* Dataset section
************

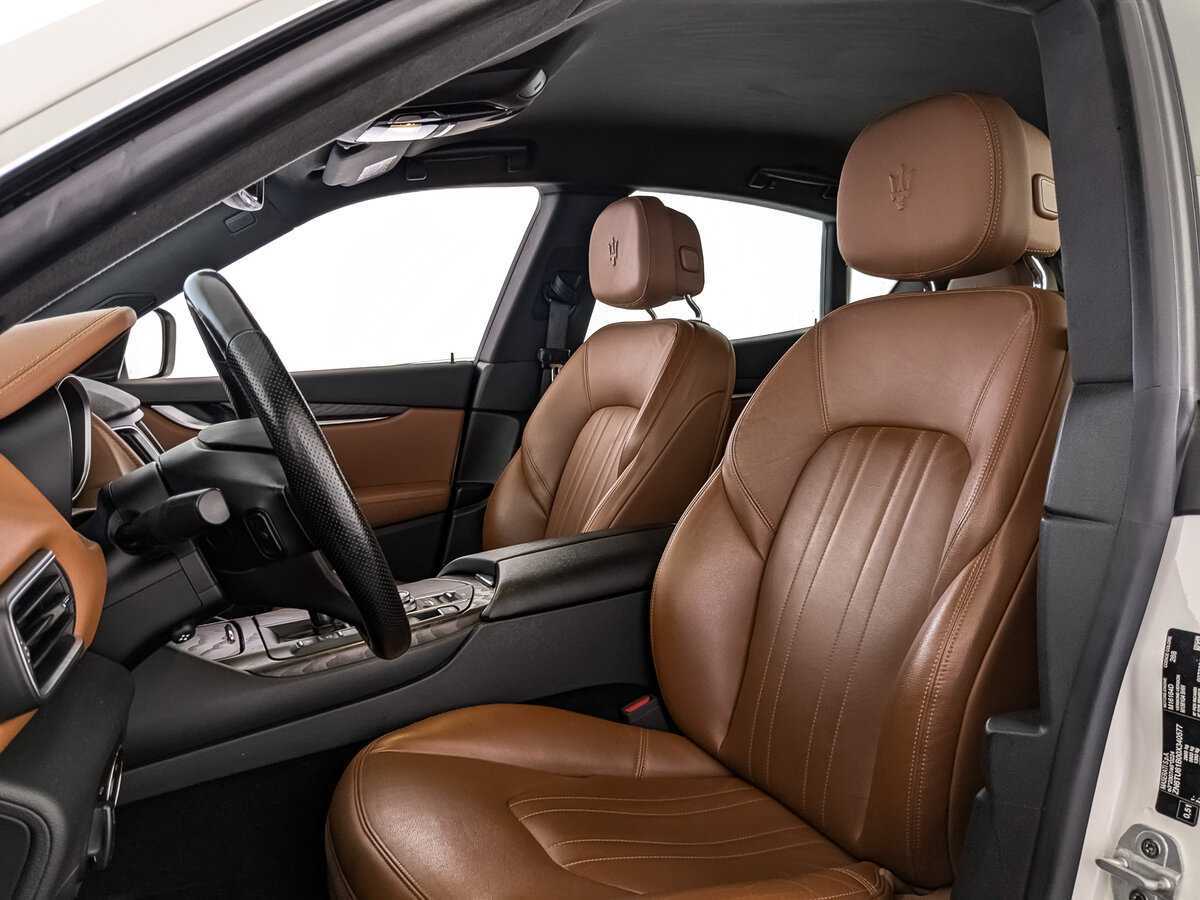 Купить Maserati Levante Diesel, 2019, 143 931 км, фото №16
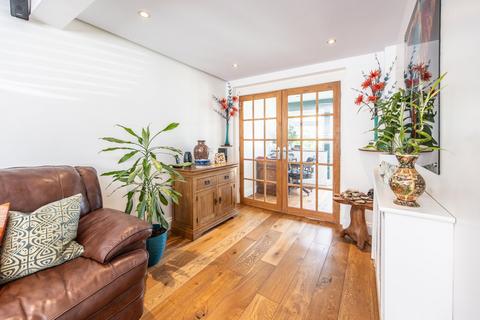 2 Stanley Crescent, Gravesend, DA12 5SY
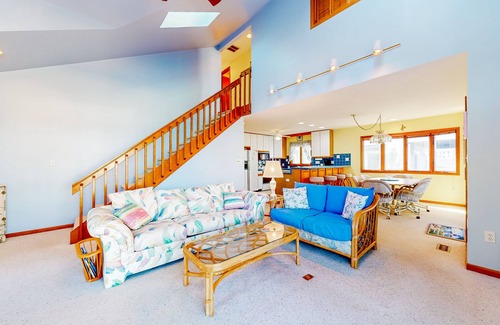 South Bethany Harbor House | Town of South Bethany enchanting canal-front retreat with decks & amazing views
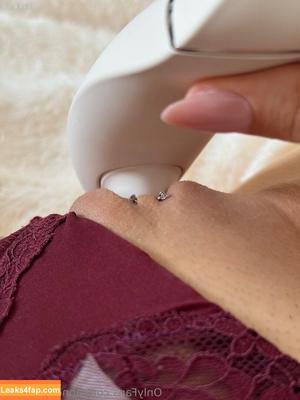 Anne Wünsche photo #0023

************

* What the task asks
Everything from the line containing "2 Stanley Crescent, Gravesend, DA12 5SY" to the final line of the listing above, both ends included, should be transcribed word for word, except for the pictures.

* Exercise answer
 2 Stanley Crescent, Gravesend, DA12 5SY
 South Bethany Harbor House | Town of South Bethany enchanting canal-front retreat with decks & amazing views
 Anne Wünsche photo #0023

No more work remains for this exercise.